[Rienzi by Edward Bulwer Lytton]@TWC D-Link book
Rienzi

CHAPTER 4
6/13

But if discovered;--" and Savelli, who, fortunately for his foes, had not nerves equal to his will, covered his face and shuddered;--"I think I hear a noise!--no--is it the wind ?--tush, it must be old Vico de Scotto, turning in his shell of mail!--silent--I like not that silence! No cry--no sound! Can the ruffian have played us false?
or could he not scale the casement?
It is but a child's effort;--or did the sentry spy him ?" Time passed on: the first ray of daylight slowly gleamed, when he thought he heard the door of the church close.
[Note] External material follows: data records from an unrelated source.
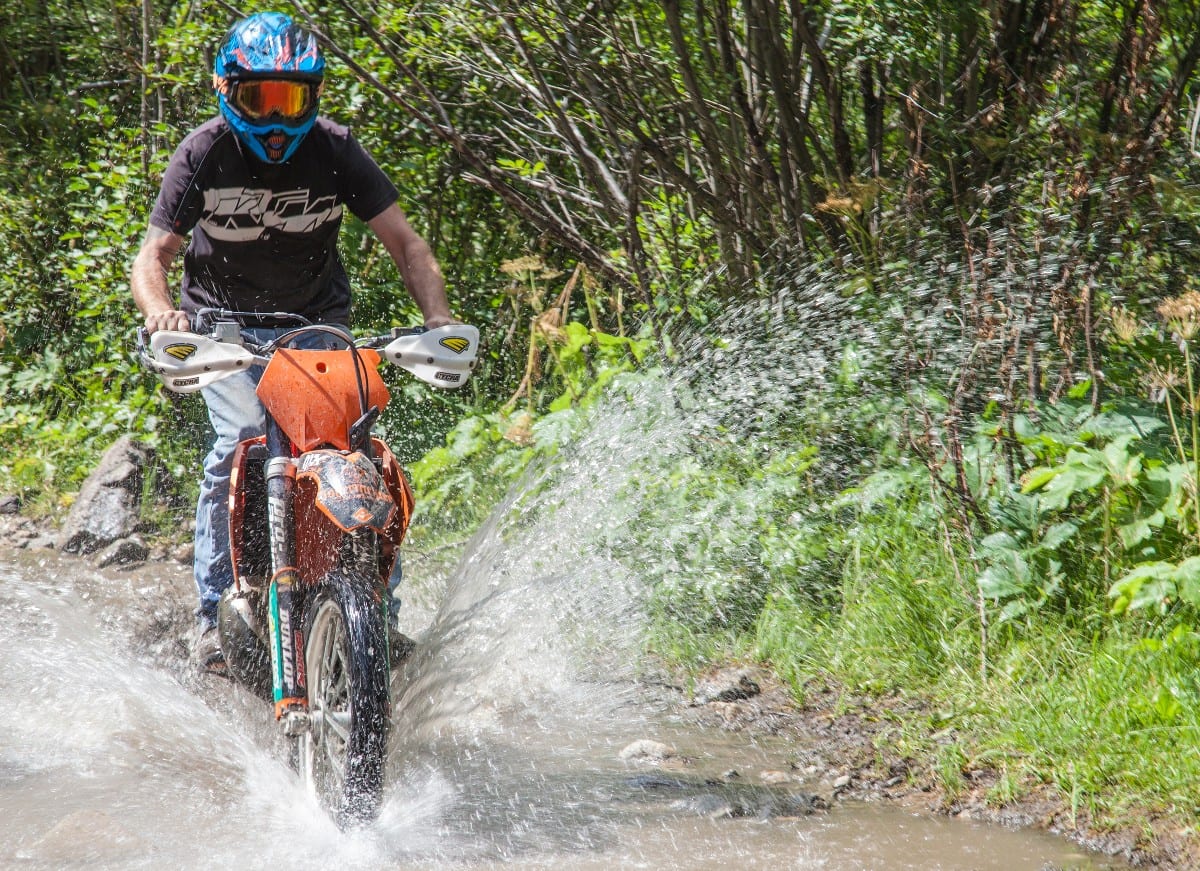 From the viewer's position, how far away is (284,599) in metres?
3.22

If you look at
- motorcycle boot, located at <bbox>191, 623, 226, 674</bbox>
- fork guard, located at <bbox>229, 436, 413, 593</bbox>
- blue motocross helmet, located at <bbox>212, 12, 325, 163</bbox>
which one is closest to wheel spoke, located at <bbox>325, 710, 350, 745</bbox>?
fork guard, located at <bbox>229, 436, 413, 593</bbox>

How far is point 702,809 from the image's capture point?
10.5ft

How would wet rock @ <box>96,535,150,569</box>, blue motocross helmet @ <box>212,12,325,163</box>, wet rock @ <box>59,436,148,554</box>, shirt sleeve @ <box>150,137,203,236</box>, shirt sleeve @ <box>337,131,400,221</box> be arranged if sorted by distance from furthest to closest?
1. wet rock @ <box>59,436,148,554</box>
2. wet rock @ <box>96,535,150,569</box>
3. shirt sleeve @ <box>337,131,400,221</box>
4. shirt sleeve @ <box>150,137,203,236</box>
5. blue motocross helmet @ <box>212,12,325,163</box>

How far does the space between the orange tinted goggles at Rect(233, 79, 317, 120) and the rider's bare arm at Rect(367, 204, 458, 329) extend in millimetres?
541

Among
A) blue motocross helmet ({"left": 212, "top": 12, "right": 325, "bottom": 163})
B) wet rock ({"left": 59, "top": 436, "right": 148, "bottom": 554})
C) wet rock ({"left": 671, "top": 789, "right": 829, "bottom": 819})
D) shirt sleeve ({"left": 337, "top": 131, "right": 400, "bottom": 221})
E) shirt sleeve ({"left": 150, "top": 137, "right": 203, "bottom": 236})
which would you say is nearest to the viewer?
wet rock ({"left": 671, "top": 789, "right": 829, "bottom": 819})

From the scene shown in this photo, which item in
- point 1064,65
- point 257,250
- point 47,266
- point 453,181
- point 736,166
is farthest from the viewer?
point 47,266

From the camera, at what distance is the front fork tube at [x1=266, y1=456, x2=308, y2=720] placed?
3.18 m

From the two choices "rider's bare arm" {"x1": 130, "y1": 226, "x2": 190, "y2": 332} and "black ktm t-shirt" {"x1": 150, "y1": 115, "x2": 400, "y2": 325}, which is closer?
"rider's bare arm" {"x1": 130, "y1": 226, "x2": 190, "y2": 332}

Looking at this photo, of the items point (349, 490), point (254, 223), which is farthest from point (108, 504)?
point (349, 490)

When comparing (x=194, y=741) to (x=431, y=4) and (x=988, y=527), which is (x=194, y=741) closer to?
(x=988, y=527)

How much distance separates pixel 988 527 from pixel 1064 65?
160 cm

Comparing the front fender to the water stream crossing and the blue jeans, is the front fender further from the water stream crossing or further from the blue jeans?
the water stream crossing

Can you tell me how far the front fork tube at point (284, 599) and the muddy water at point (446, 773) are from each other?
0.32 m

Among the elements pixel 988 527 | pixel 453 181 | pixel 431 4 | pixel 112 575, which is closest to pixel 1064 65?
pixel 988 527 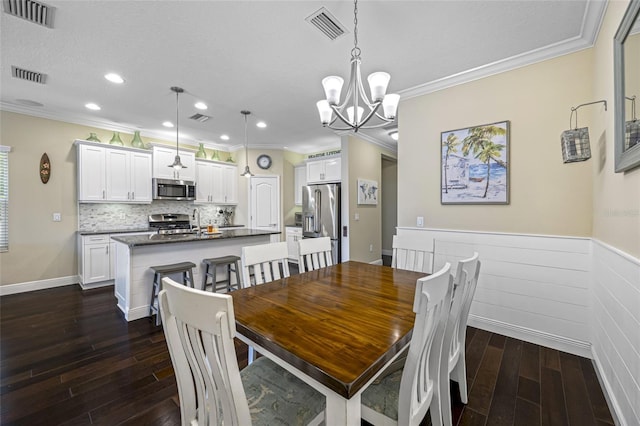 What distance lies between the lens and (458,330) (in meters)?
1.63

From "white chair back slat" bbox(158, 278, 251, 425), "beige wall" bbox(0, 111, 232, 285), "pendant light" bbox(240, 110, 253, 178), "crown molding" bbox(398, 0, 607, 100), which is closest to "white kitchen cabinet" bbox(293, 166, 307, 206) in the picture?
"pendant light" bbox(240, 110, 253, 178)

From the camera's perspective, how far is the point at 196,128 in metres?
4.82

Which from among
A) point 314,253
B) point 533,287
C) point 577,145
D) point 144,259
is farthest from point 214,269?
point 577,145

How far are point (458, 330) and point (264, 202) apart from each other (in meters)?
5.01

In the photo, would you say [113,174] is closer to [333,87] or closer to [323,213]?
[323,213]

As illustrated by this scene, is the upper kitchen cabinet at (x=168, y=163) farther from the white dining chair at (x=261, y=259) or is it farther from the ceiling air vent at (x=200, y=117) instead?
the white dining chair at (x=261, y=259)

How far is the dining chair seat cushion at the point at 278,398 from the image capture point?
101 cm

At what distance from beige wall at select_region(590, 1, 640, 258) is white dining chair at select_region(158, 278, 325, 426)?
5.86ft

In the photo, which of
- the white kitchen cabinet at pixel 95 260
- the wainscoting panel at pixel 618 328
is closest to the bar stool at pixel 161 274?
the white kitchen cabinet at pixel 95 260

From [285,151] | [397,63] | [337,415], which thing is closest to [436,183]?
[397,63]

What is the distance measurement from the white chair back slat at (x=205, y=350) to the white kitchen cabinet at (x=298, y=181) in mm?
5523

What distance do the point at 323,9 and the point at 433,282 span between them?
6.67 feet

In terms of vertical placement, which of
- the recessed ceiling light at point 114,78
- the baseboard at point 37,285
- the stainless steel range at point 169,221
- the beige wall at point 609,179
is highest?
the recessed ceiling light at point 114,78

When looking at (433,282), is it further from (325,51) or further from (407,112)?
(407,112) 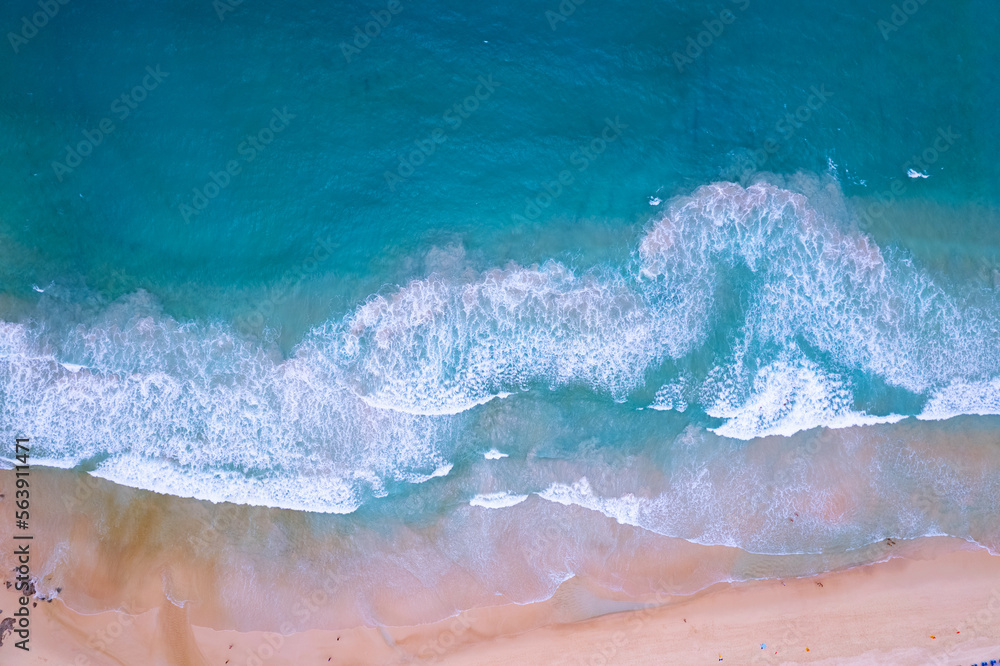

Savelli's suspense became intolerable: he stole from the chapel, and came in sight of the Tribune's bed--all was silent.
"Perhaps the silence of death," said Savelli, as he crept back.
Meanwhile the Tribune, vainly endeavouring to close his eyes, was rendered yet more watchful by the uneasy position he was obliged to assume--for the part of the bed towards the pillow having given way, while the rest remained solid, he had inverted the legitimate order of lying, and drawn himself up as he might best accommodate his limbs, towards the foot of the bed.

The light of the lamp, though shaded by the draperies, was thus opposite to him.

Impatient of his wakefulness, he at last thought it was this dull and flickering light which scared away the slumber, and was about to rise, to remove it further from him, when he saw the curtain at the other end of the bed gently lifted: he remained quiet and alarmed;--ere he could draw a second breath, a dark figure interposed between the light and the bed; and he felt that a stroke was aimed against that part of the couch, which, but for the accident that had seemed to him ominous, would have given his breast to the knife.
Rienzi waited not a second and better-directed blow; as the assassin yet stooped, groping in the uncertain light, he threw on him all the weight and power of his large and muscular frame, wrenched the stiletto from the bravo's hand, and dashing him on the bed, placed his knee on his breast .-- The stiletto rose--gleamed--descended--the murtherer swerved aside, and it pierced only his right arm.

The Tribune raised, for a deadlier blow, the revengeful blade.
The assassin thus foiled was a man used to all form and shape of danger, and he did not now lose his presence of mind.
"Hold!" said he; "if you kill me, you will die yourself.